Model predictive control (MPC) has become the de facto standard action space for local planning and learning-based control in many continuous robotic control tasks, including autonomous driving. MPC solves a long-horizon cost optimization as a series of short-horizon optimizations based on a global planner-supplied reference path. The primary challenge in MPC, however, is that the computational budget for re-planning has a hard limit, which frequently inhibits exact optimization. Modern edge networks provide low-latency communication and heterogeneous properties that can be especially beneficial in this situation.
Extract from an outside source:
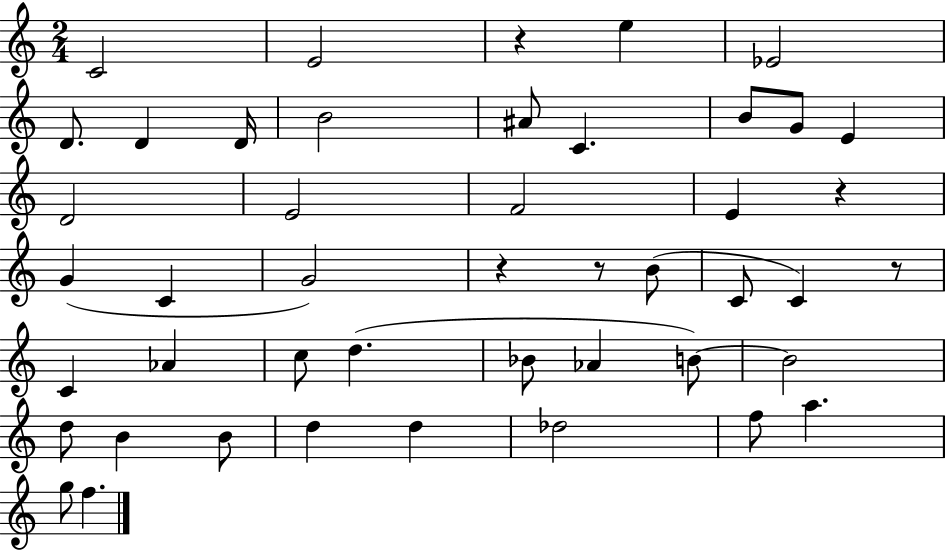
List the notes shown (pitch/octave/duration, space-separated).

C4/h E4/h R/q E5/q Eb4/h D4/e. D4/q D4/s B4/h A#4/e C4/q. B4/e G4/e E4/q D4/h E4/h F4/h E4/q R/q G4/q C4/q G4/h R/q R/e B4/e C4/e C4/q R/e C4/q Ab4/q C5/e D5/q. Bb4/e Ab4/q B4/e B4/h D5/e B4/q B4/e D5/q D5/q Db5/h F5/e A5/q. G5/e F5/q.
We propose a novel framework for edge-assisted MPC (E-MPC) for path planning that exploits the heterogeneity of edge networks in three important ways: 1) varying computational capacity, 2) localized sensor information, and 3) localized observation histories. Theoretical analysis and extensive simulations are undertaken to demonstrate quantitatively the benefits of E-MPC in various scenarios, including maps, channel dynamics, and availability and density of edge nodes. The results confirm that E-MPC has the potential to reduce costs by a greater percentage than standard MPC does.

Figures (7)

• Figure 1: The examples of how edge nodes can assist MPC. Under assistance from one or multiple edge servers, the agent precisely tracks the dotted reference path, avoids unknown environment changes, and deviates from the reference path for a shortcut based on historical data.
• Figure 2: The high-level overview of E-MPC system framework: the black boxes are the obstacles in the surrounding areas, while the costly areas represent the agent's uncharted environment.
• Figure 3: Motion primitive dictionary.
• Figure 5: Evaluation bar charts for the experiments: (a) Increased computational capacity (b) E2E latency impact (c) Density of edge servers (d) Availability of edge servers (e) Localized sensing information: Icy road (f) Local sensing information: Mud area.
• Figure 6: Heat maps for the experiment localized observation histories evaluated using nine weight parameter $\beta$ and nine cost-optimal prior libraries.